# [WHAT IS NEEDED]
Although the listing below holds pictures, reproduce only its lines from the one containing "Children celebrating with" through the last, exactly and without them.

# [SOURCE MATERIAL]
>>>>>

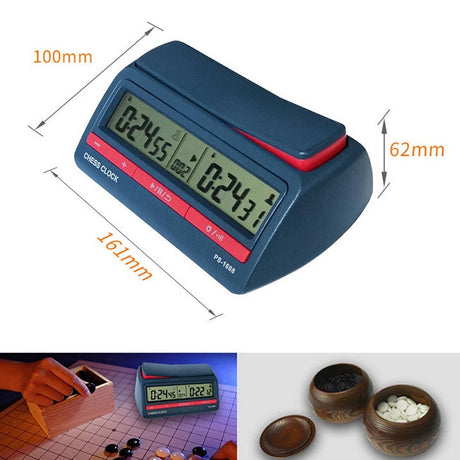 Competition Count Up Down Timer Professional Digital Chess Clock Plastic Battery Powered Lightweight Stopwatch for Board Game - V.I.P Digital Presence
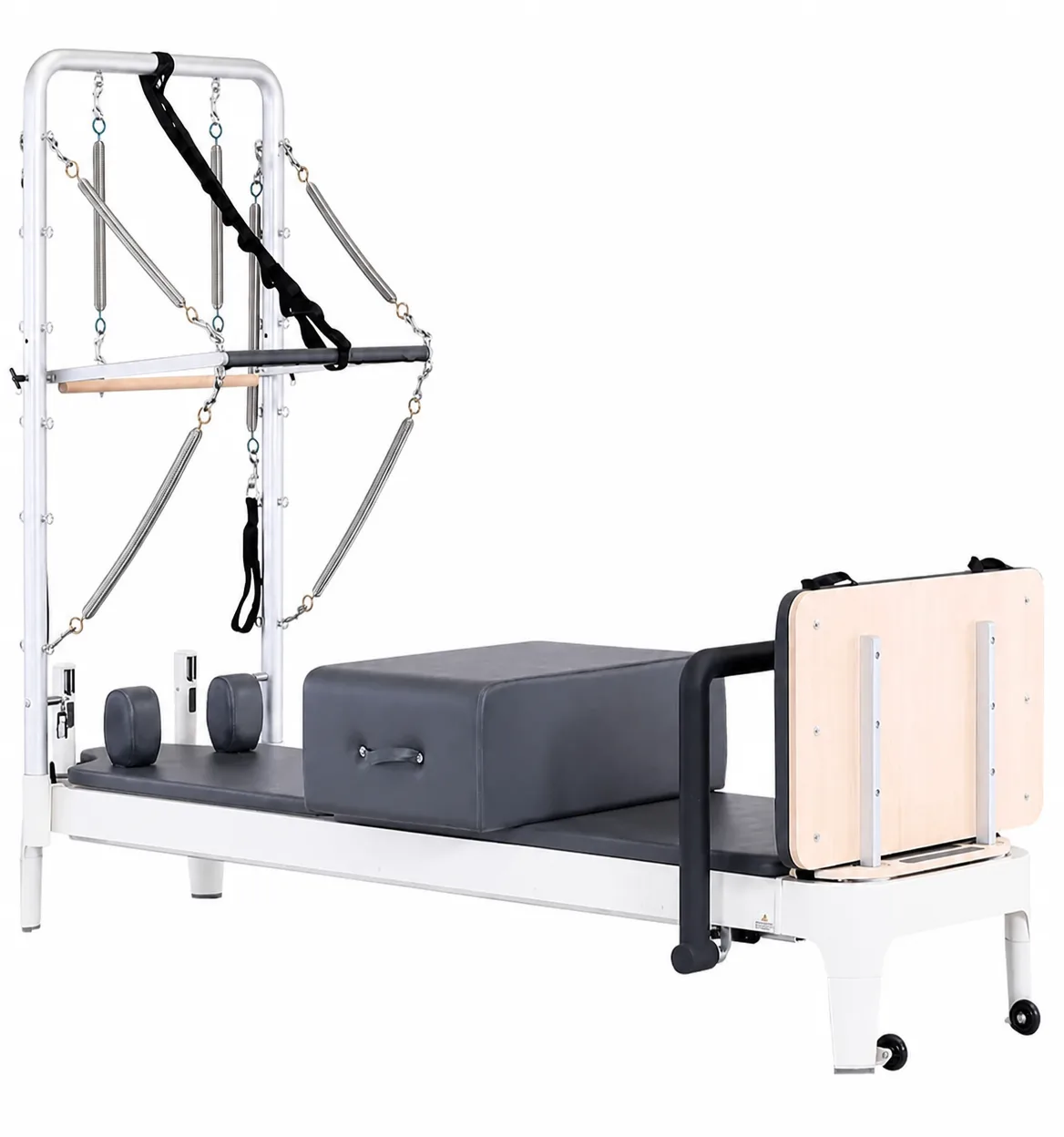 vimora reformer aluminum 2nd gen fixed track half tower 02.webp Vimora aluminum-frame fixed track Pilates reformer with half tower, for professional studio use
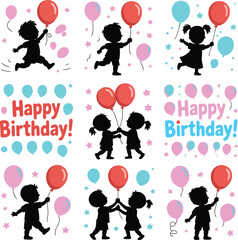 Children celebrating with balloons and stars birthday celebration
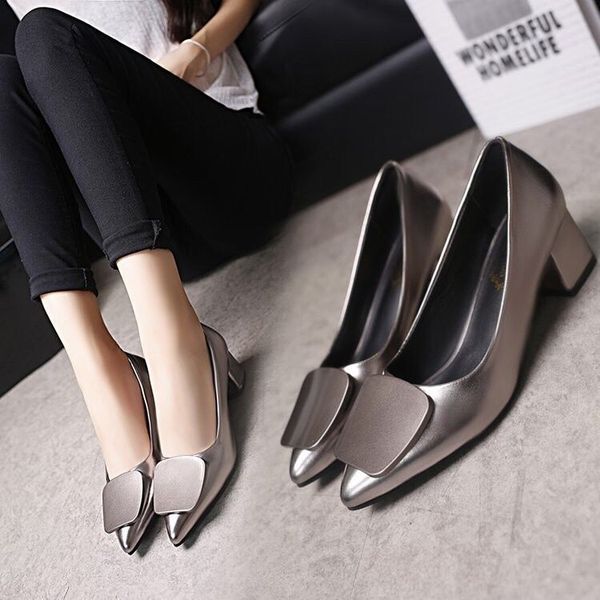 

2020 new high heels female korean version of the pointed shallow mouth 5cm women's single shoes fashion work casual shoes, Black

<<<<<

# [ANSWER SPACE]
 Children celebrating with balloons and stars birthday celebration

2020 new high heels female korean version of the pointed shallow mouth 5cm women's single shoes fashion work casual shoes, Black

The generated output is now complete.